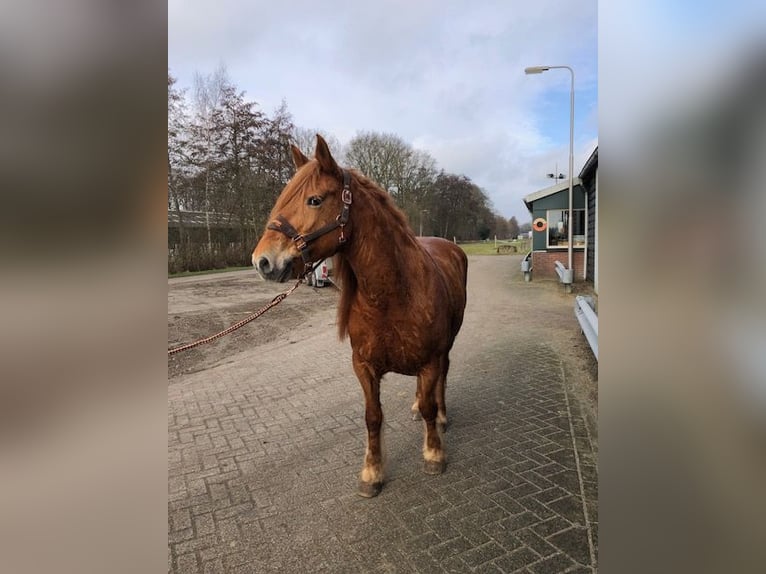 Pony Francese Giumenta 8 Anni 148 cm Sauro in Ruinerwold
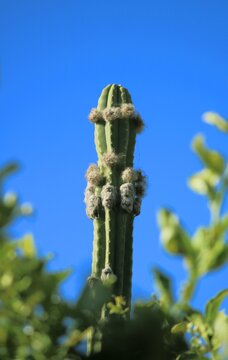 cactus in bloom
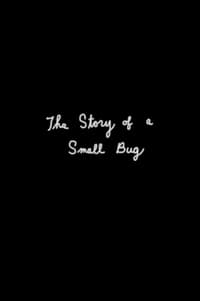 The Story of a Small Bug (2020)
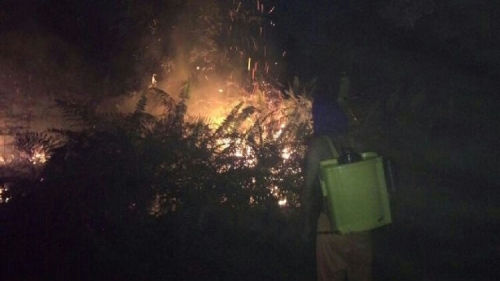 Petugas Kesulitan Padamkan Api yang  Hanguskan 10 Hektar Lahan Sagu dan Karet
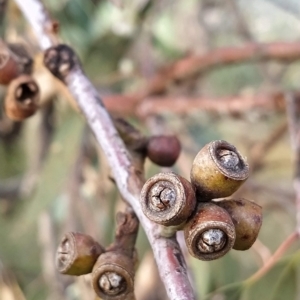 Eucalyptus nortonii at Fadden, ACT - 21 Feb 2023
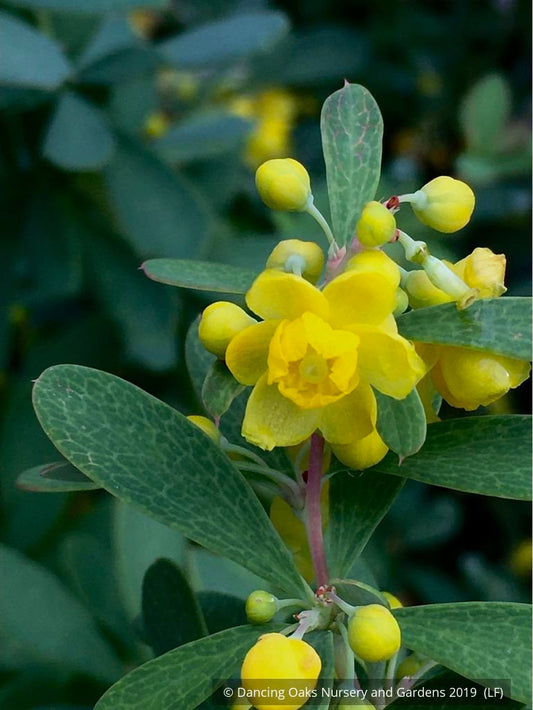 Shrubs ~ Berberis wilsoniae, Mrs Wilson's Barberry ~ Dancing Oaks Nursery and Gardens ~ Retail Nursery ~ Mail Order Nursery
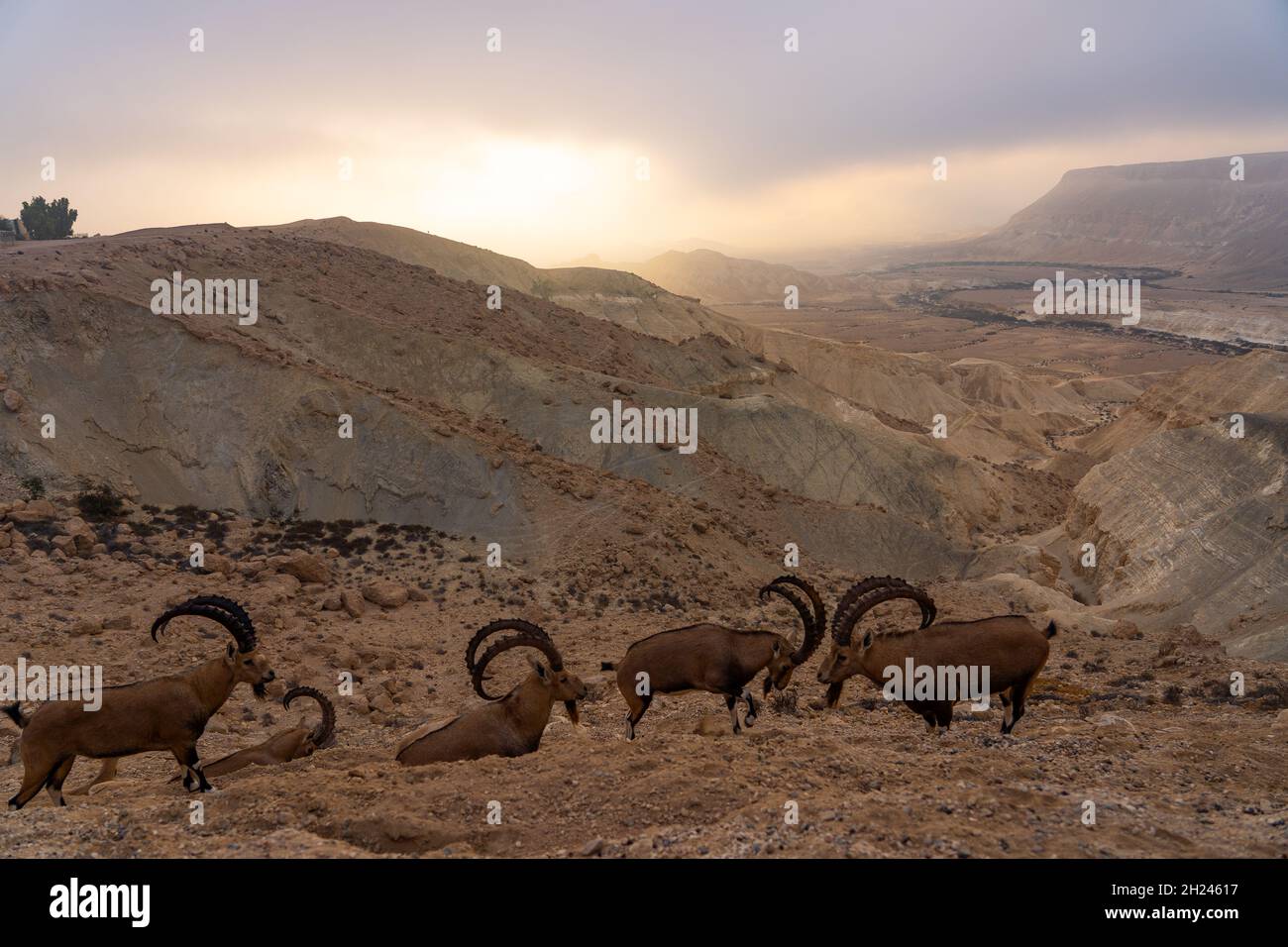 Una mandria di Nubian Ibex (Capra ibex nubiana AKA Capra nubiana) fotografata in Israele, nel deserto del Negev nel mese di settembre Foto Stock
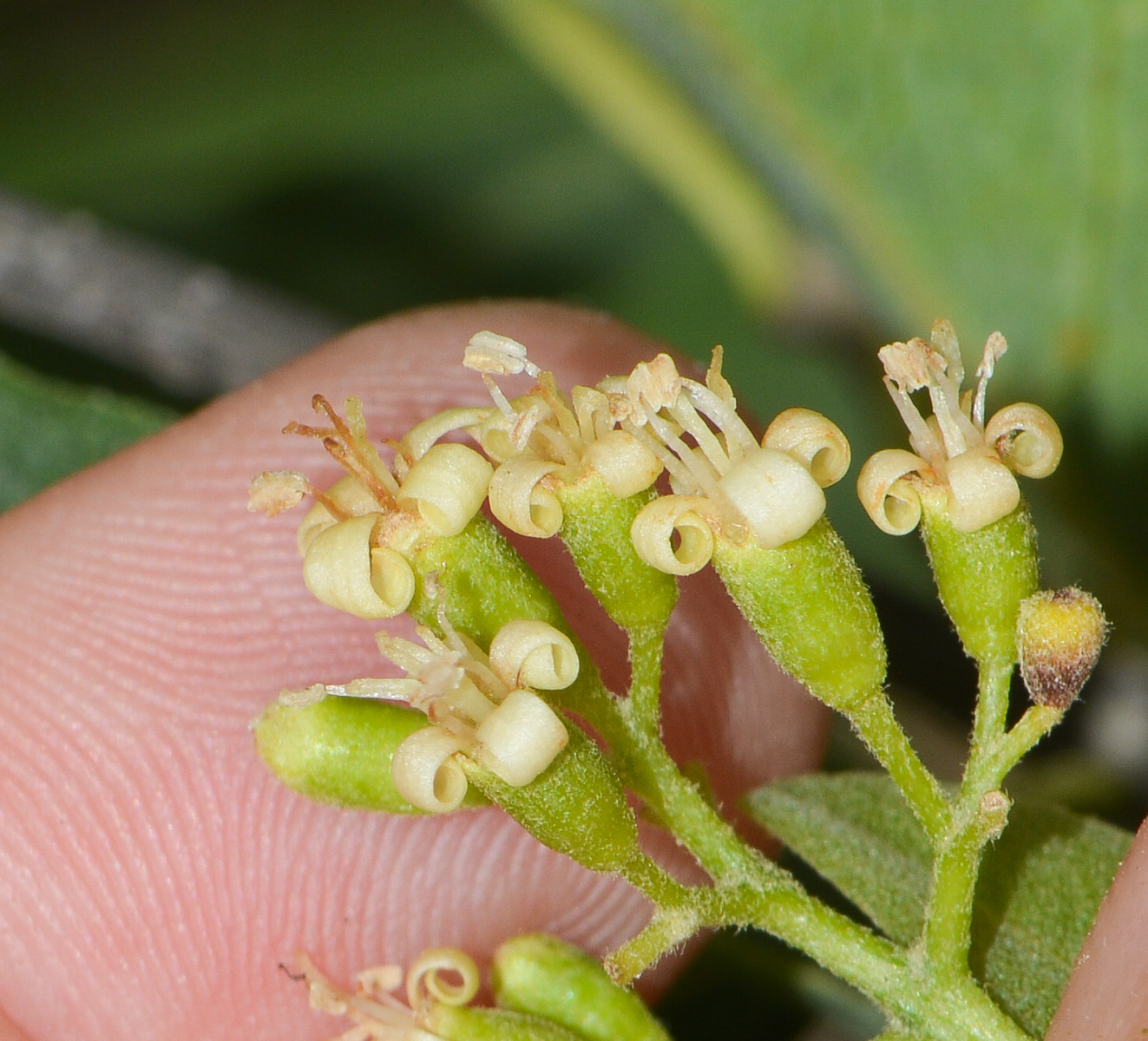 Image of Cordia sinensis specimen.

---

--- Assigned task ---
Output the data above exactly; pictures do not belong in the copy.

--- Solution to the exercise ---
 Pony Francese Giumenta 8 Anni 148 cm Sauro in Ruinerwold
 cactus in bloom
 The Story of a Small Bug (2020)
 Petugas Kesulitan Padamkan Api yang  Hanguskan 10 Hektar Lahan Sagu dan Karet
 Eucalyptus nortonii at Fadden, ACT - 21 Feb 2023
 Shrubs ~ Berberis wilsoniae, Mrs Wilson's Barberry ~ Dancing Oaks Nursery and Gardens ~ Retail Nursery ~ Mail Order Nursery
 Una mandria di Nubian Ibex (Capra ibex nubiana AKA Capra nubiana) fotografata in Israele, nel deserto del Negev nel mese di settembre Foto Stock
 Image of Cordia sinensis specimen.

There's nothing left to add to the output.